Mineralization of detritus and oxidation of methane in acid boreal coniferous forest soils: seasonal and vertical distribution and effects of clear-cut

Rates of soil carbon mineralization and CH4 oxidation potential were measured in the different layers of the podsolized soils (20 cm topsoil) of managed boreal and Pinus sylvestris (age 38 years) and Picea abies (stand age 120 years) forests for eight seasons during the years 1997–1999. Endogenous CO2 evolution was highest in October both in the P. sylvestris (1800–2200 mg CO2–C m−2 d−1) and in the P. abies (2900–3000 mg CO2–C m−2 d−1) forest soils and located mainly in the humus layer, when measured at 7 °C, i.e. close to the annual average soil temperature.
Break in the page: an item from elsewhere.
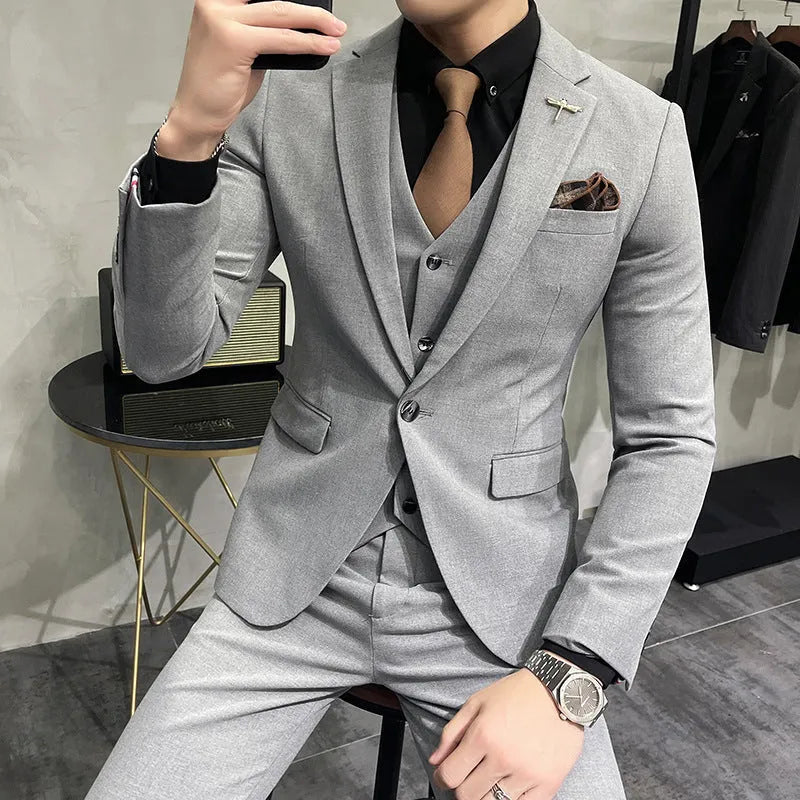Three-piece men's acetate fibre blend business suit set in light gray with jacket, trousers, and vest.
The turnover rates of organic carbon were similar in the lower part of the illuvial layer and in the humus, annual mean of 0.027–0.028% C d−1 in the P. sylvestris and P. abies forests, indicating the presence of easily available sources of carbon deeper in the soil. The cumulative annual CO2 evolution at in situ temperature was calculated as 430–440 g CO2–C m−2 in the P. sylvestris and 630–650 g CO2–C m−2 in the P. abies forest soil. Nineteen to twenty-three percent of this occurred during the cold half of the year. When the P. abies forest was clear-cut in 1998 the mineralizing activities of the eluvial and illuvial layers translocated into the humus layer, but the cumulative total CO2 evolution per m2 remained unchanged. Clear-cutting increased soil temperature dependence on the air temperature. The sources of the annual CO2 evolution were above-ground litter (18–26%), and roots (25%) related to the direct photosynthetic activity of the trees in the eluvial and illuvial layers. CH4 oxidation potential (at 200 ppm CH4) of the podsolized conifer forest soils ranged from 12 to 22 mg CH4–C m−2 d−1 (annual mean) in the P. sylvestris and the P. abies forests. The activity mainly located (50–90%) in the illuvial horizons in all seasons. In the upper, 2–3 cm zone, of the illuvial layer, immediately below the eluvial layer, methane oxidation potential was found 5–10 fold higher than in adjacent soil above or below. CH4 oxidation potential of (g of soil organic carbon) in the forest soils increased 100 fold (P. abies) or 5–50 fold (P. sylvestris) with increasing depth. Ten to twenty-four percent of the annual CH4 oxidation potential at in situ soil temperature was contributed by the cold half of the year similarly in both forests. Clear-cutting the P. abies stand decreased the potential for CH4 oxidation at in situ temperature by 40% (to 1.8 g CH4–C m−2 year−1).